Asian local currency bonds have various intrinsic strengths, which make them an alternative safe haven asset with low correlations to risk assets…
For professional investors and advisers only.This document is not suitable for retail
Pieter van der Schaft, Product Specialist, Asian Fixed Income
Although Asian local currency bonds posted negative returns during May, these were much smaller than those of developed market bonds. In fact, Asian local currency bonds have various intrinsic strengths, which make them an alternative safe haven asset with low correlations to risk assets. They also offer a superior risk-return profile versus developed market bonds when currency-hedged. An added benefit is that Asian local currency bonds offer yields which remain near historically high levels relative to US Treasuries.
The benefits of diversification
Amid severe weakness in most developed government bond and emerging market (EM) local currency bond markets during May, Asian local currency bond markets showed greater resilience with a negative return of -2.60%. This compares to negative returns of -3.44% and -5.65% for the Citi WGBI and JPM GBI broad diversified indices, respectively. This resilience of Asian local currency bonds is reflective of various intrinsic strengths of the asset class. Firstly, the HSBC Asian local currency bond index offers exposure to 11 liquid bond markets, which are generally rated investment grade. It covers economies with diverse levels of per capita incomes, economic structures and currency regimes (exhibit 1).
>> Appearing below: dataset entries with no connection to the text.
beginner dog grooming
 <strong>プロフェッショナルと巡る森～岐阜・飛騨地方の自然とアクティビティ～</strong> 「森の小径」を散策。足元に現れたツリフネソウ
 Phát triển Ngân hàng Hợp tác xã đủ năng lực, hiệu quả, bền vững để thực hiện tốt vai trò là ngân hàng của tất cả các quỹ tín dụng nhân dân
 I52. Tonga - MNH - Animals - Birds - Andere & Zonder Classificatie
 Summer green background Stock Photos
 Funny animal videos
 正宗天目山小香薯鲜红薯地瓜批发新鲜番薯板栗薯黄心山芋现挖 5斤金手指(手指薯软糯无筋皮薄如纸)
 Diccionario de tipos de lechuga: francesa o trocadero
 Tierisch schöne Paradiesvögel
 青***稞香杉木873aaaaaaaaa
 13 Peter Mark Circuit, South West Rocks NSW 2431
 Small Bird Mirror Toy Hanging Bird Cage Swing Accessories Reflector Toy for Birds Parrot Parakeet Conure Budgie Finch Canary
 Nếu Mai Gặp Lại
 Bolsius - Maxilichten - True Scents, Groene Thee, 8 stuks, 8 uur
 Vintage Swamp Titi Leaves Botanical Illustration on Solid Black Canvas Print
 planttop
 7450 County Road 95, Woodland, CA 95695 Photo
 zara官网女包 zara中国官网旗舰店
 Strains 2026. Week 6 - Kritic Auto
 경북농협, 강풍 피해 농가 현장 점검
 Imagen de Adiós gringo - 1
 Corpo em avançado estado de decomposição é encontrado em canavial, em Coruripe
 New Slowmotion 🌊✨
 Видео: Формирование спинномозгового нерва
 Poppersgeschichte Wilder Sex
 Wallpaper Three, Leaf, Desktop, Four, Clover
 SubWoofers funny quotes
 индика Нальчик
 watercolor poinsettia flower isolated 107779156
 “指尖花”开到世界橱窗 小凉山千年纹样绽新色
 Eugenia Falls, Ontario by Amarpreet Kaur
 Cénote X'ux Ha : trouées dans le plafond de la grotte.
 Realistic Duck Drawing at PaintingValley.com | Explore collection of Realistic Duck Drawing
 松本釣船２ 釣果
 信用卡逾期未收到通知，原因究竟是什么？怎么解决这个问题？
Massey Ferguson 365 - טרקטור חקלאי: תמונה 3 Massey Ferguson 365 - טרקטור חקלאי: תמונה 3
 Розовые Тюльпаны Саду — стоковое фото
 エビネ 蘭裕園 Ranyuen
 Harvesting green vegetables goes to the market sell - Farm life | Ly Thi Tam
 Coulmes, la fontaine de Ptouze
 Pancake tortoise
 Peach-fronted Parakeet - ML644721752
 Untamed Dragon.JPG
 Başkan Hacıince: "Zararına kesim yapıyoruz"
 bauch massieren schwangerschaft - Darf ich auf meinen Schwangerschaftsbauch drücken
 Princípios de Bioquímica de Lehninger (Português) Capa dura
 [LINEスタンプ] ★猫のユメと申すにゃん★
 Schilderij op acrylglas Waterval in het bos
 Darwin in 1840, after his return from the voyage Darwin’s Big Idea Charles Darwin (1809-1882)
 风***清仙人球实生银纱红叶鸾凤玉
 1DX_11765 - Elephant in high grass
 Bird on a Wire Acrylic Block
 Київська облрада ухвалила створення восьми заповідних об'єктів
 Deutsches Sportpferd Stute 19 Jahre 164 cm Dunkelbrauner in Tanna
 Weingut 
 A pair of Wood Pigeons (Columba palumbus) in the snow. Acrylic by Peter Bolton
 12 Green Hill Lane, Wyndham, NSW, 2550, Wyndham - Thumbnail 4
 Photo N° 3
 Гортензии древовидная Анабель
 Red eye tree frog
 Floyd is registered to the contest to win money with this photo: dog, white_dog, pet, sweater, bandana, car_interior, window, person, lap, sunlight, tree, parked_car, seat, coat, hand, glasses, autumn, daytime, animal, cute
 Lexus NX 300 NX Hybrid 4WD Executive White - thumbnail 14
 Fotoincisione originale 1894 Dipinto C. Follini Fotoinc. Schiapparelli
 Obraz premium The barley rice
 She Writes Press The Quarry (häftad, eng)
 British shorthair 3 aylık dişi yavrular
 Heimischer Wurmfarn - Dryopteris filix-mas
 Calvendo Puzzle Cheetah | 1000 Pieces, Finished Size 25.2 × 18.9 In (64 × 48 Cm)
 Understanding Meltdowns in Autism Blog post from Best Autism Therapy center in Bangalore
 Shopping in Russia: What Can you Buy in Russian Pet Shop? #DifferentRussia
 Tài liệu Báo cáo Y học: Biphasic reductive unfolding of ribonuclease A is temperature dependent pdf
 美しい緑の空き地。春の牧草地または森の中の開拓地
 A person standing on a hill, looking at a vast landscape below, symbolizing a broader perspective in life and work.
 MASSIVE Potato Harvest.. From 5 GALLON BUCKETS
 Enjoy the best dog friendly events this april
For instance, 55% of countries in the HSBC ALBI index (by market cap) are rated AA or above, 23% of bonds in the index are denominated in currencies (CNY, CNH and HKD) which track the USD closely, while 25% of the index consists of countries (India, Indonesia, the Philippines) which are classified by the World Bank as lower middle income. This results in significant diversification benefits. Only four markets suffered significant negative returns (in excess of -1% in USD terms) in May and – with the exception of Indonesia – these were generally the region’s high grade markets (HK, Singapore), which are more sensitive to US Treasuries.